I don't know what to do. Maybe I'm simply too damned tired. I can't think straight.

"Look. Tell you what. You come down here and we'll go up together. I'll get the money out myself," I tell him.

I'm stuck. Maybe if I see him, and can talk directly to the man, I can get out of this yet? And then, there is a gun in the safe, but one I don't want him to see. It's hotter'n hell, and my "ace in the hole." It can, in theory at least, send a certain rival senate majority leader to prison.

"Sure. Bet you'd like that. The numbers, asshole?"

I look over to find myself blinded with a red light. even after it swings off my face, I see nothing but scarlet -- the color of blood.

"Sixteen right, eight left, twen -- twenty-four right, and, please, I'm begging you, let me go with you. I'll behave. I promise."

"The last number? Remember, almost a thousand feet a second, 124 grain bullet. It'll punch right through you and the car."

"I ... If I tell you, you'll only shoot me right now."

"You asked me to trust you, didn't you? Now why the devil don't you trust me? I guess trust only works one way with you assholes. Well, It's come down to the wire, hasn't it, Johnson?

"You don't trust me, you die right here and now. You trust me, and just maybe you don't die. The number, Johnson, and right now? No one, two, three, or count to ten.

"You should see me, Johnson. I'm putting pressure on the trigger right now, and it only takes about twelve-pounds pressure. You don't have much time. NOW."
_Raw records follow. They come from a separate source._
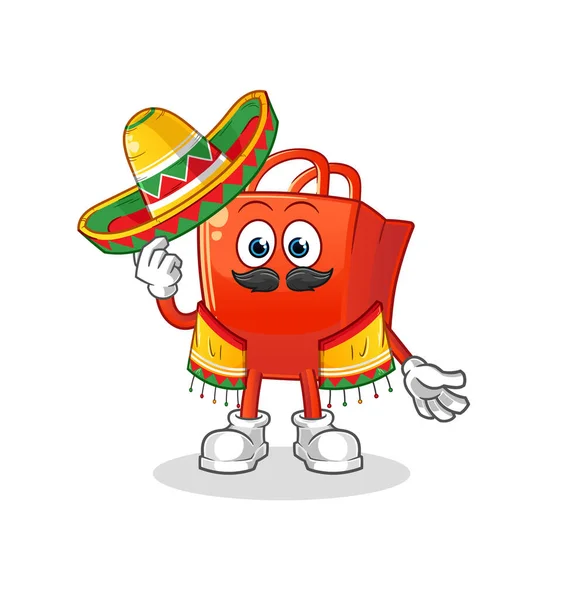 Bolsa Compras Cultura Bandera Mexicana Vector Mascota Dibujos Animados — Vector de stock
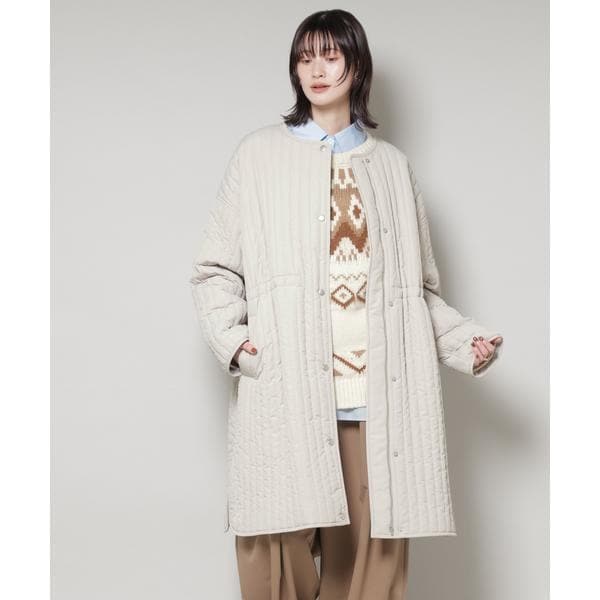 quaranciel: ウール ノーカラー ダブルフロント ミドル コート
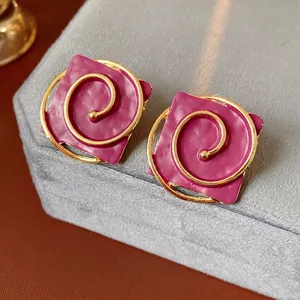 Vintage berry purple square enamel earrings with golden spiral metal accents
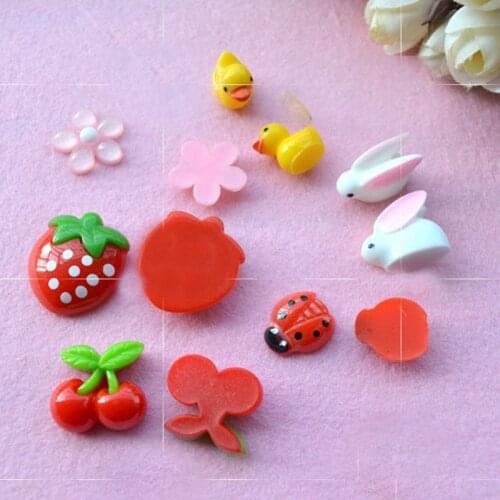 Multicolor 6 design mixed mode optional cute little animal insect resin accessories Flowers Diy Phone decoration 12pcs 004004039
"Twelve, twelve right. Twelve right. That's it." I sit, sobbing, feeling completely helpless, deflated. If I do manage to jump out on the other side of the car without getting shot, it's a twelve-story drop to concrete pavement outside the building.

I sit in a sudden frightening quiet, afraid to move. I realize that it will take him time to get to my building and up to my office. But is he? Does he have someone else doing it for him, right at this very moment? And is he still sitting watching me? Where is that security guard ... probably sleeping? I need help. I'm a frickin' United States Senator -- on Federal Property. Where is my help?

I bring the phone to my eyes, straining in the reflected light. I push "9-1-1" to summon aid, but nothing happens. None of the buttons work, I can tell by the empty feel when I press them.

As I sit, afraid to move, I see a now familiar red dot idly tracing nonsense on the wall. I don't know whether to cheer or faint. As it comes toward me, along the dirty surface of the lot, I crouch down in fear. I feel my crotch collecting moisture as the red dot pauses on the hood of the Lincoln. All I can do is sit and wait, wait for certain death. I don't have the guts, don't have the guts. I know men that do, that would take that chance -- and run. I don't have the guts. Instead I sit, blubbering wordlessly, shuddering in fear.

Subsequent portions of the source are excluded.